Monday, November 08, 2004

There are some very interesting Op-Ed pieces in the New York Times today. One of the best is on religion and politics by Gary Hart. Check it out here:

http://www.nytimes.com/2004/11/08/opinion/08hart.html

We Democrats really dropped the ball this time around. And I think pieces like this one and others that have come out in the last week (such as works by Arianna Huffington and comments by Bill Maher) have really pointed out where we fell apart. Hopefully, we can learn from all of this and move on. But the one thing I really agree with and that I've been thinking a lot about is this trend to combine religion and politics. And not just any religion, it HAS to be Christianity. The separation of church and state is becoming more and more ambiguous and that troubles me because that way of thinking excludes a large portion of our country. I"ve always thought one of our strengths was our diversity, open-mindedness and inclusiveness. Well, at least we still have diversity. Anyway, check out the article. It's very thoughtful.


2 comments:

Genevieve said...

That was an interesting article. I am not sure why so many people believe it's OK to force others to believe the same things they do. I was listening to Talk of the Nation last week and a woman called in and said the only country to actually have separation of church & state in their constitution was Russia. Even when the host pointed out that's not true, and we actually *do* have that in our constitution, she continued to press her belief. I don't understand why people are so adament that a christian god be everywhere.

Malady said...

You know, in an earlier blog, I wrote about Molly Ivins' new book and how she talked about how Jesus was the ultimate liberal.
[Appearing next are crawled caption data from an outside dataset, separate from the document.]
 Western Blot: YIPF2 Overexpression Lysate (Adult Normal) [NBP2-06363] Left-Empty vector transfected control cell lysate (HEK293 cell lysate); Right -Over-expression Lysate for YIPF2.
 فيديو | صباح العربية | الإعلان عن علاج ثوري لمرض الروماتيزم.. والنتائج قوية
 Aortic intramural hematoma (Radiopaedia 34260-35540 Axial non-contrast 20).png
I really loved that. I don't think people should be vilified for being religious. But I also don't think that is limited to Christianity. One of my favorite quotes that I ran across in college was
"God made so many different kinds of people, why would He make only one way to serve Him?" (anonymous)

I've always liked that. I think many religious people have a faith that is very small so anything that challenges it makes them afraid. If you are really strong and comfortable in your faith, you don't need to feel threatened by differences of opinion.